My Life With ADEM
It’s amazing. Things can happen to you when you don’t even know it.
Take ADEM, for instance.
It was an unexpected event. I was at my computer, typing an article for a soon-to-be published book, but when I read my words to myself, all they said was gibberish.
That event changed my life forever.
I was 55 when a mysterious glitch in my brain stopped transmitting the right signals. After a visit to the ER, three hospitalizations, many scans, cancer screenings, MRIs, and countless blood tests and consultations with neurologists and other specialists and then one with Dr. Johnson (Johns Hopkins Medical Center, Baltimore), my medical event finally had a name –Acute Disseminated Encephalomyelitis.
But how could this mysterious condition befall me? Thinking back, we had just returned from New Orleans. I thought, perhaps, I was bitten by a bug or breathed something dangerous during those post-Katrina days. All that I knew was that I had a relatively uneventful medical history until then. I was proceeding with my life, writing as I had always wanted, and being compensated for it. I had recently opened an office in space I shared with my husband. The paint on the walls was barely dry, the space newly carpeted and my desk messed by my old habits.
That began my ADEM journey.
The gibberish that my words produced prompted an ER visit. It would be the first of three hospitalizations at different hospitals. It took two months and many physician experts to give my condition a diagnosis.

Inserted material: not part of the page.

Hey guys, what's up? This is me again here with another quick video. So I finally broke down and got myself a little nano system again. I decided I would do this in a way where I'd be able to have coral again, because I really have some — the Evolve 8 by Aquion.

The first doctor to diagnosis me said I had suffered a stroke. He admitted me to his hospital. A CT scan and spinal tap revealed nothing. Then, an MRI revealed 13 enhanced brain lesions. No stroke, but what happened? The mystery still unsolved, another neurologist discharged me, recommending that I be seen at his sleep clinic. No diagnosis. Convinced that his advice wasn’t entirely altruistic, I sought counsel from my husband’s cardiologist who we turned to because we knew he could offer good advice. He set in motion the course that led to the right diagnosis, but that was still two months of stay at Washington Hospital Center (DC) and National Rehabilitation Center (DC), which was followed by a consultation with Dr. Johnson, the noted neurologist at Johns HopkinsHospital in Baltimore, who was convinced I had ADEM. Not Multiple Sclerosis, as some thought but a MS’ relation.

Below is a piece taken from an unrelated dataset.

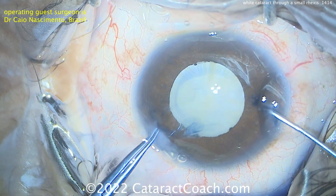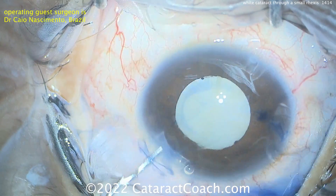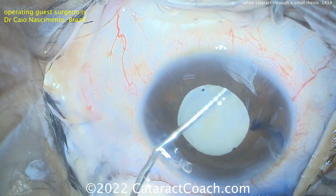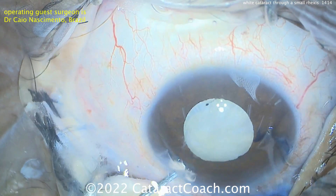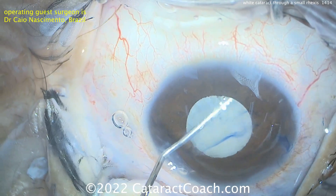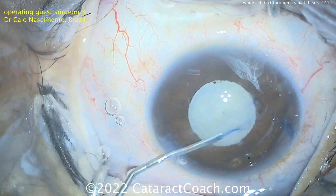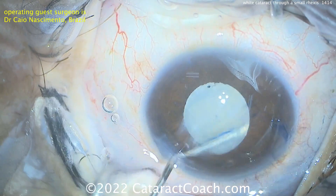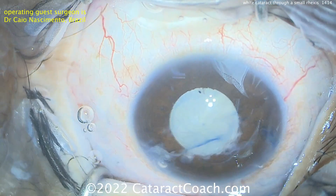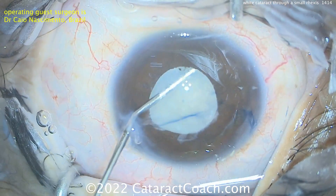He's going to end up with about a four millimeter capsulorhexis. That looks pretty good — nice and intact. That spiral-out technique, very nicely done. So a little balanced salt solution going inside, maybe a little hydrodissection. The nucleus appears to spin pretty freely, probably because of all that liquefied lens cortex. Just sweeping it around — this nucleus shouldn't have too much density, should be fairly easy to remove. A little more hydrodissection and rotation of that lens nucleus. This thing is rotating pretty freely.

What did I learn from it all? I learned the value of patient advocacy, especially when you can’t advocate for yourself. In my case, my husband became my advocate, and eventual caregiver, giving new meaning to me of ‘for better or worse’. I learned never to give in, especially when I’m not entirely convinced by what I’m told.
In all, I lost and regained the ability to read, to write and to walk. I had inpatient and out-patient therapy. My writing isn’t as effortless – and beautiful – as it once was, so I depend heavily on a computer keyboard. Eventually, I retired the wheelchair and swapped it for a cane. With it, I walk slowly, but then again, what’s the hurry?
But I can still put words together and put them on a page, for everyone to read. I always believed that I should write about meaningful things, maybe impact, or better yet, change someone’s life. And now, there’s me and ADEM.